On-line version ISSN 2316-5197

Analytica vol.7 no.13 São João del Rei Jul./Dec. 2018

 

ARTIGOS

 

Aporias1 na tecnocultura: Alice

 

 

Hudson A. R. Bonomo

M.Sc. em Engenharia Mecânica pela COPPE - Universidade Federal do Rio de Janeiro. Participante da Escola Letra Freudiana/RJ. Membro da Apertura para Outro Lacan (A.P.O.La) da Argentina. Pós-graduado em Clínica Psicanalítica na Universidade Santa Úrsula/RJ. E-mail: hudsonletra@gmail.com

 

 


RESUMO

Neste texto apresenta-se uma série de questões relativas ao tédio que, leva à fuga do sujeito em busca de um devaneio digital que seja mais satisfatório que a realidade da vida cotidiana. Passando por Freud e outros autores, podemos vislumbrar que ainda estamos em um terreno de incertezas e em construção. De um desejo inicial de Alice, nossa personagem, e navegando pelos questionamentos, espera-se que a reflexão seja iniciada no leitor para acompanhar a pesquisa que não para de ser lembrada, repetida e trabalhada por meio disso.

Palavras-chave: Tédio.
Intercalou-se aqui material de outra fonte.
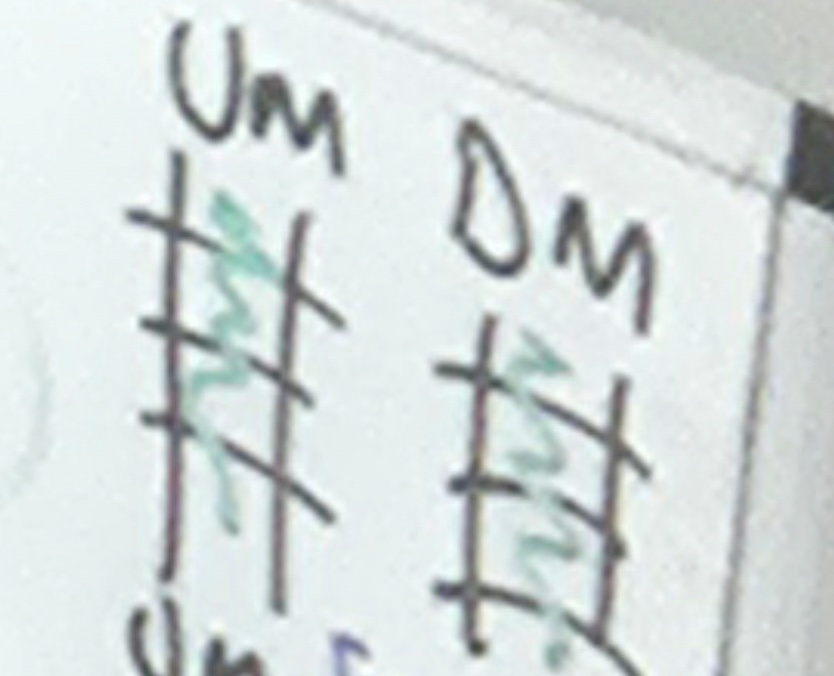<p class="has-focus">Safe Systems of Work</p><p>What does Safeguarded mean? And what speed does the train move?</p>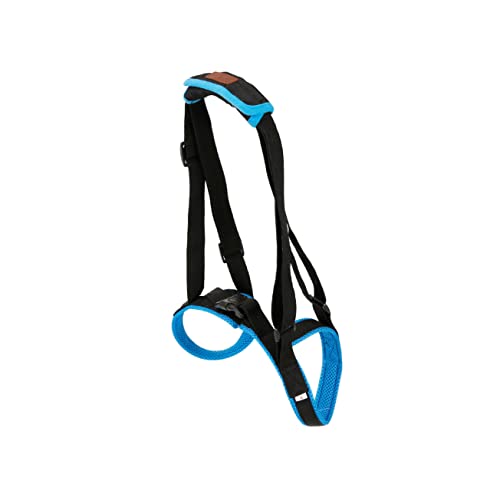 HOMOBABE Pet Support Belt Für Hunde Mit Hinterbeinschwäche Verstellbares Hilfs-Geschirr Für Ältere Und Verletzte Hunde Atmungsaktives Design Blau von HOMOBABE
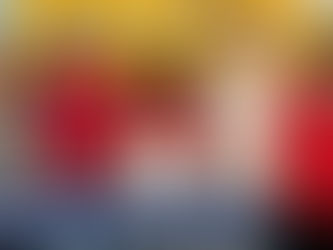 Bright Elementary students author original book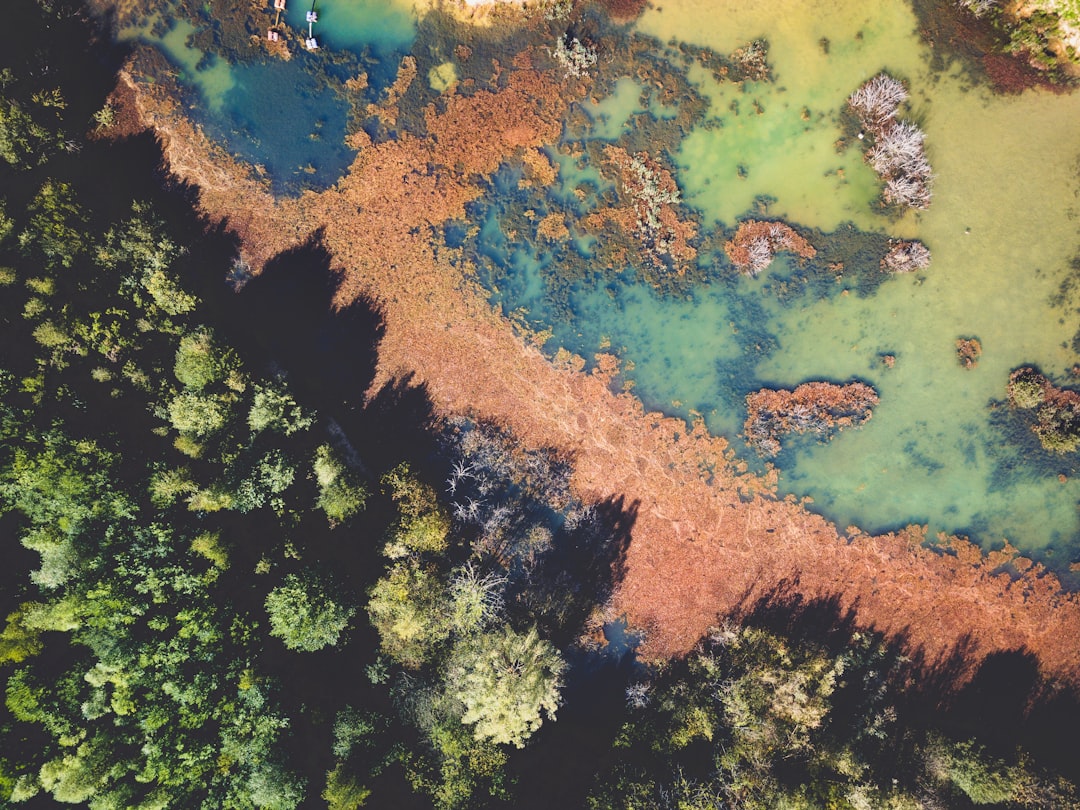 Ecosystem.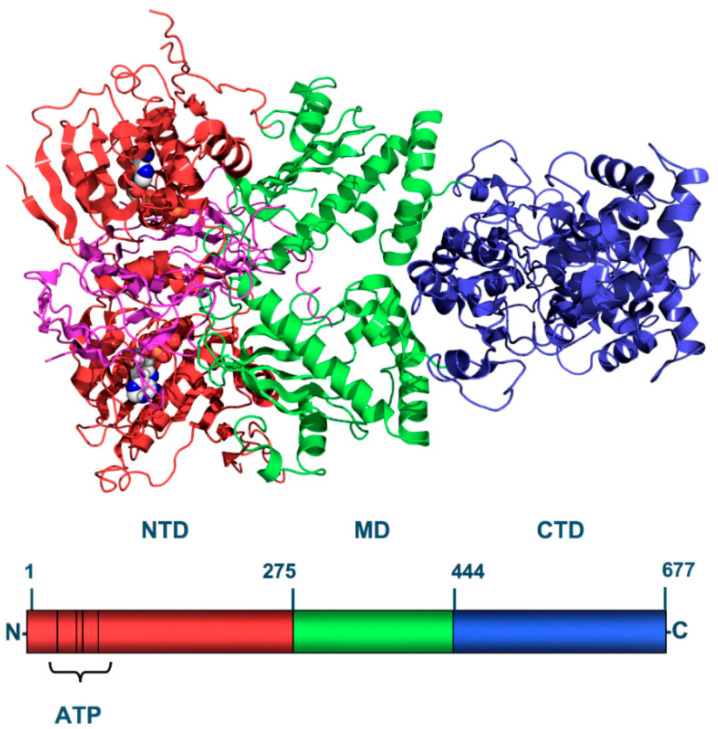 Figure 2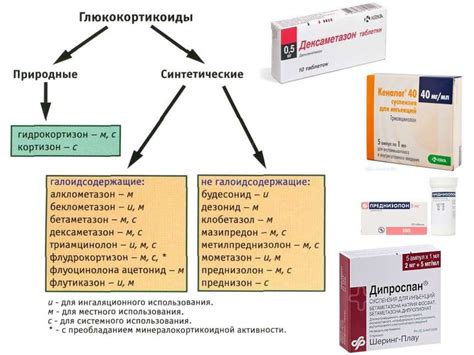 Механизм действия препаратов: понимание и сравнение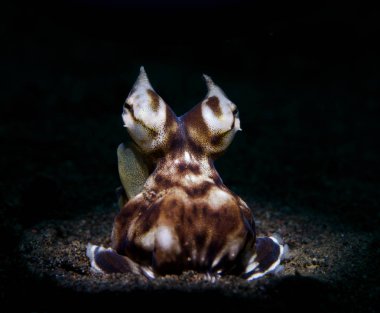 Muhteşem sualtı dünyasını - Mimic octopus - Thaumoctopus mimicus. Sualtı makro fotoğrafçılık özel aydınlatma - karşıyageldiklerinde (bir meşale ışığı dar bir ışın ile) kullanarak. Tulamben, Bali, Endonezya. 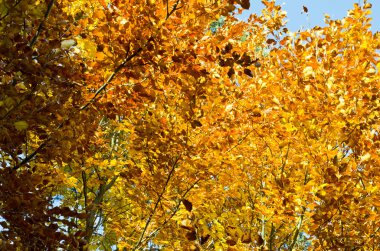 Sarı yapraklı sonbahar ağacı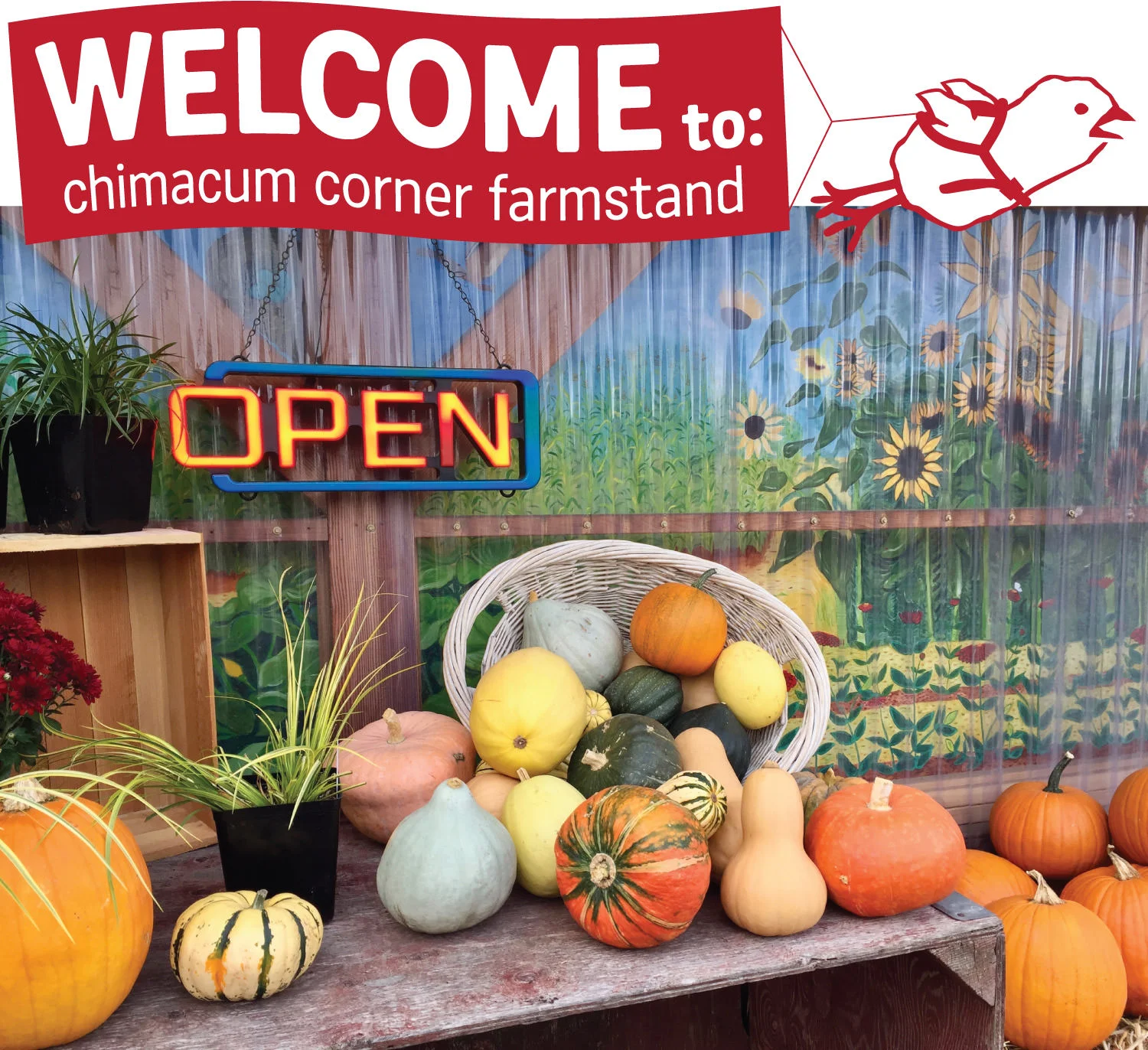 squash-and-open-sign-at-chimacum-corner-farmstand.jpg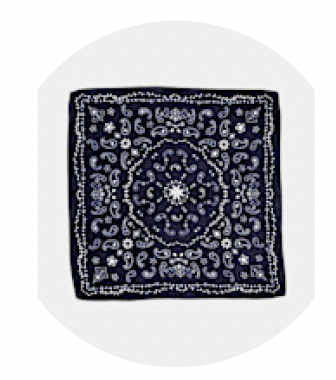 Bow19 Paisley Scarf - Dark Blue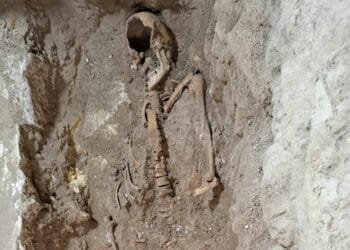 Dutch archaeologist arrested for keeping “d’Artagnan’s” bones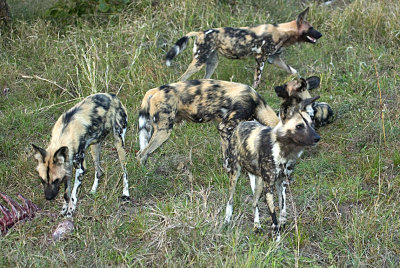 African Wild Dogs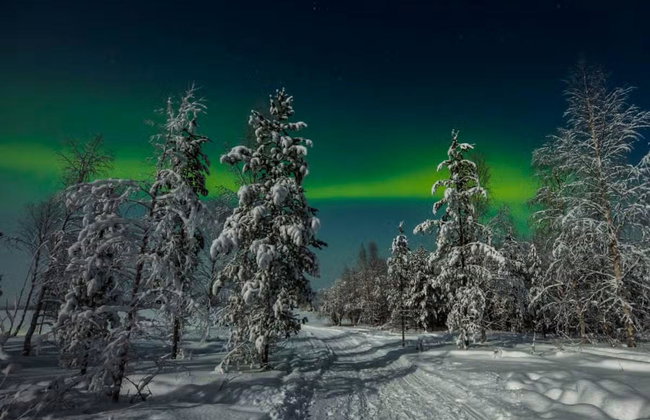 Northern Lights Husky Sleigh Ride - Photo 6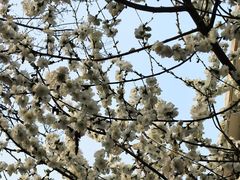 -龙湖星悦荟(颐和店)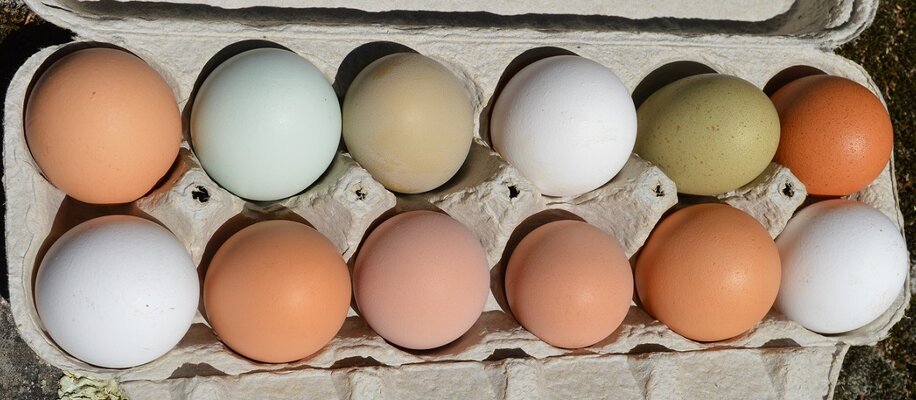Eggs in carton colorful.jpg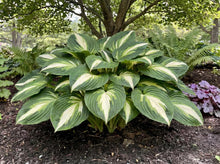 Load image into Gallery viewer, OpenPlantData Hosta Heatwave Harmony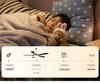 Modern Chinese-Style Ceiling Fan with Light for Living, Bedroom, and Dining Rooms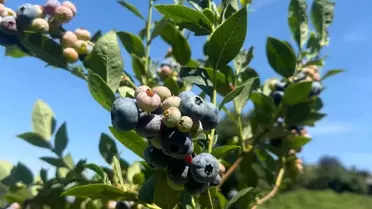 Şile'de Tıbbi Aromatik Bitkilerin ve Üzümsü Meyvelerin Önemi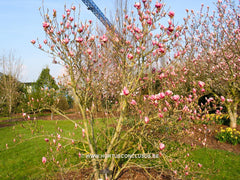 Magnolia x veitchii - Sierboom - Hortus Conclusus  - 4
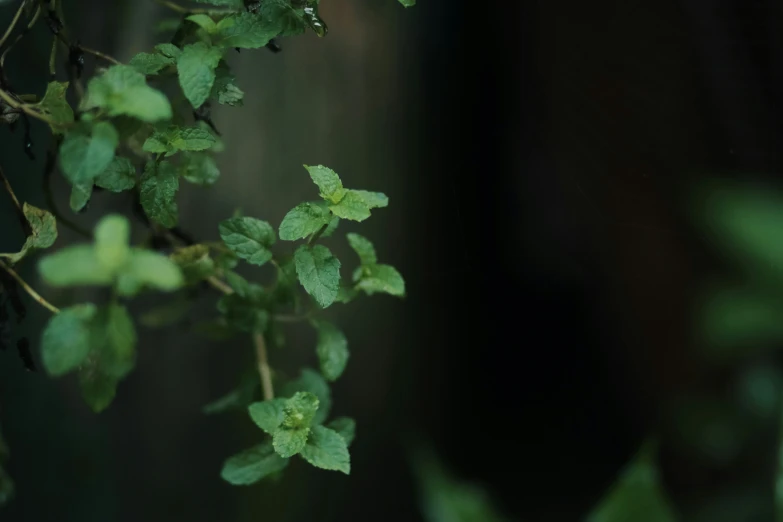 small green nches with leaves hanging from them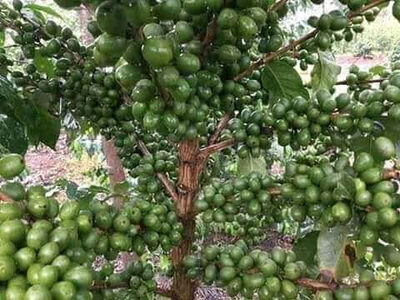 MUARIK COFFEE PLANTATION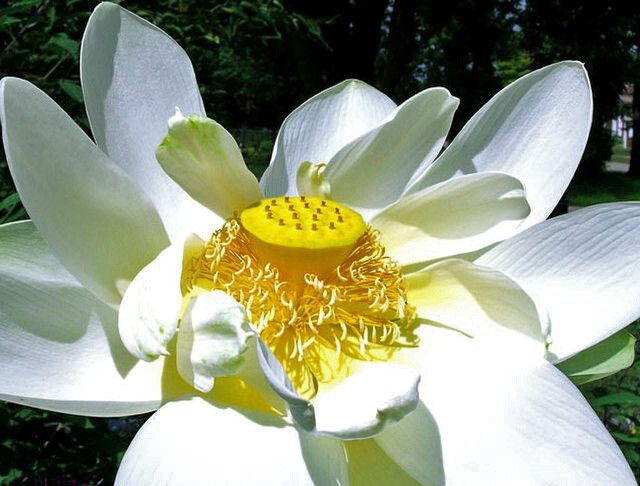 Nelumbo nucifera | White Lotus | 5 Seeds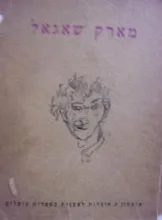 עטיפת הספר העיירה היהודית בציורי מארק שאגאל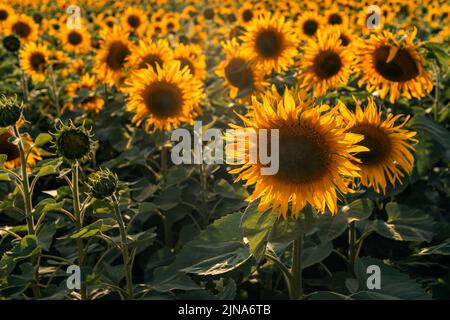 Primo piano di girasoli che crescono in un campo al crepuscolo, in Bielorussia Foto Stock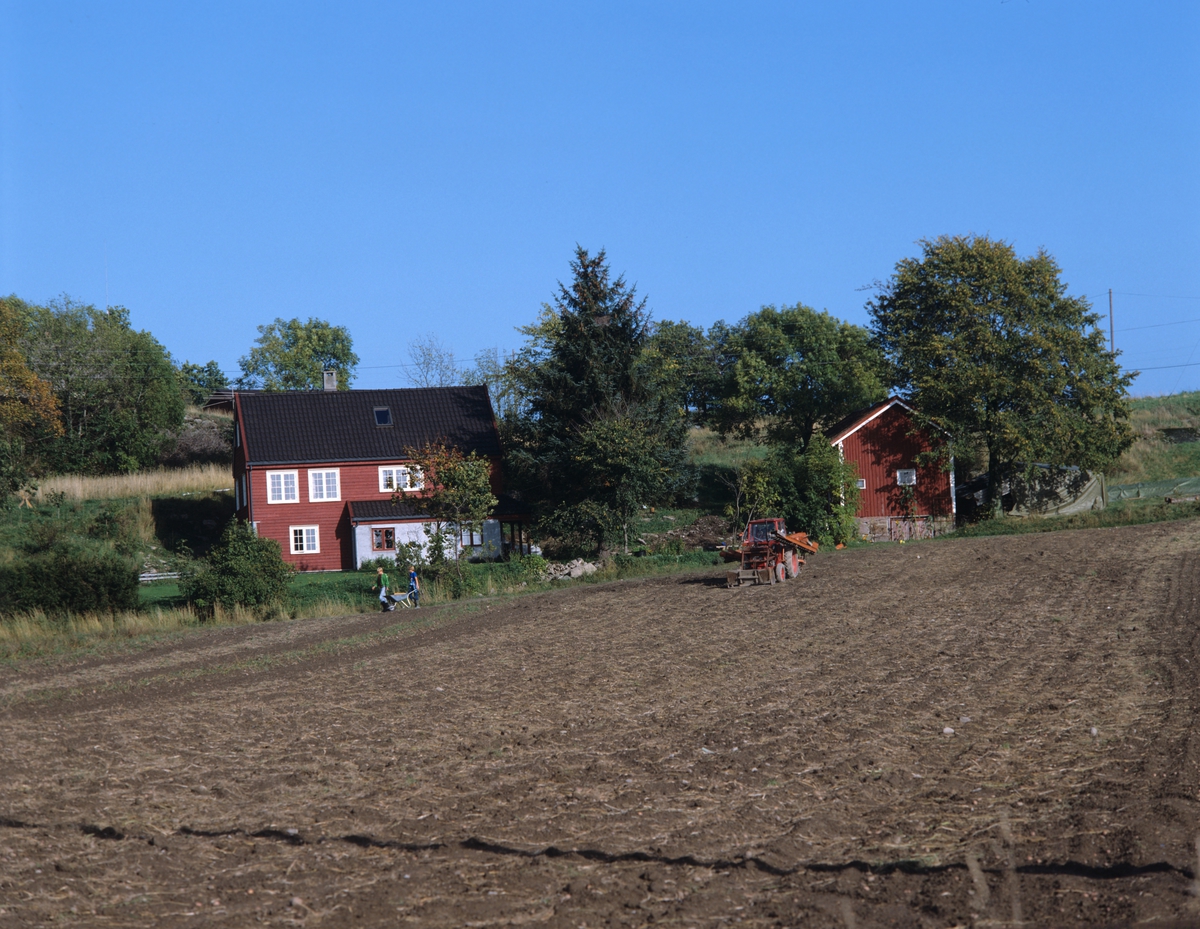 Enebolig og uthus ved dyrket mark, Lia ved Grimstad. Illustrasjonbilde fra Bonytt 1983.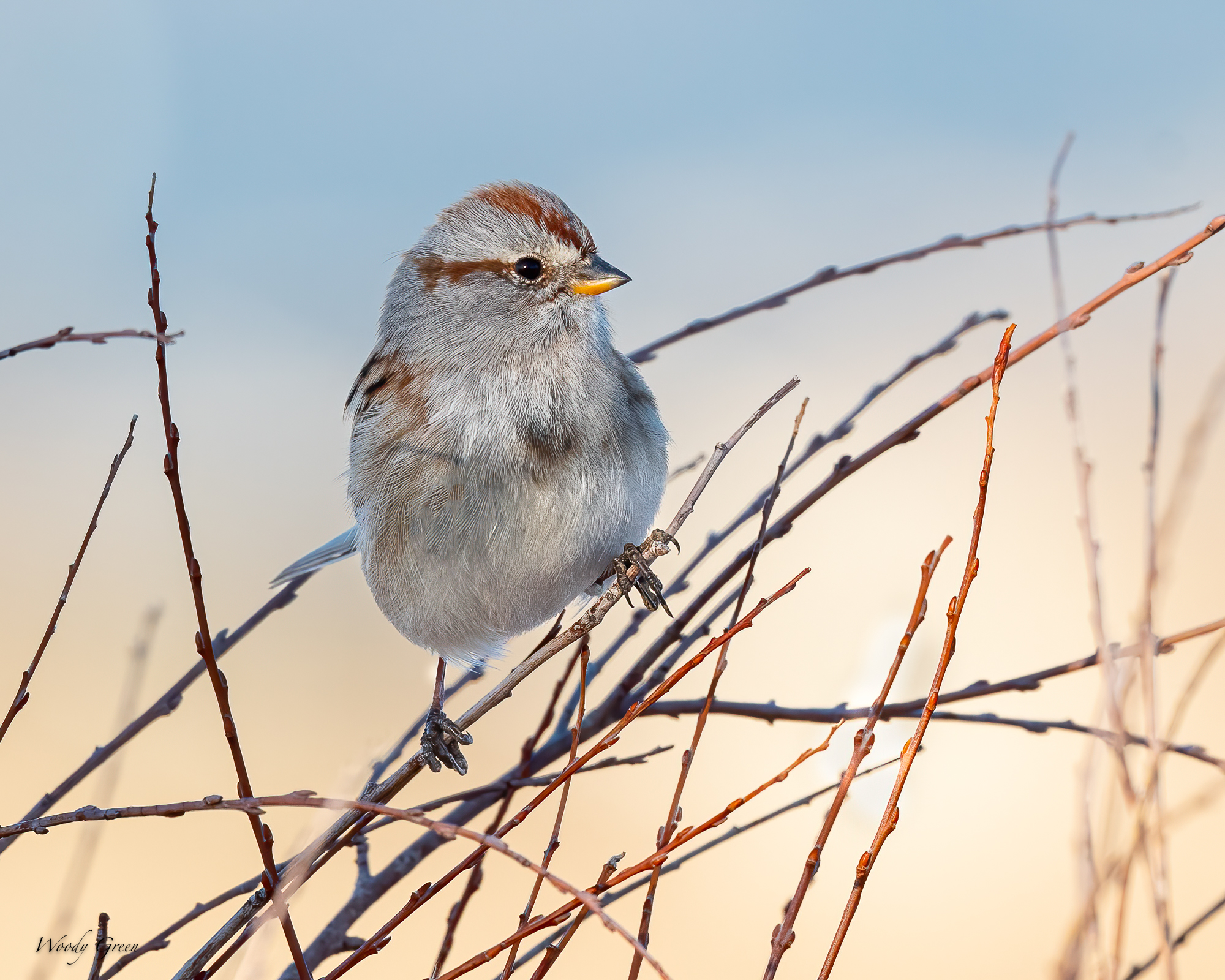TreeSparrow-577.jpg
Fuga da realidade. Devaneios, Fantasias. Gozo. Corpo.


ABSTRACT

This article presents a series of questions related to boredom that leads the escape of the individual searching for a digital daydream more pleasant than the reality of the daily life. Passing through Freud and other authors we can notice that we are still in a land of uncertainties and on development. From a starting desire of Alice, our character, and the questionings, we expect that the reflection starts with the reader to guide the research we keep reminding, repeating and working through the text.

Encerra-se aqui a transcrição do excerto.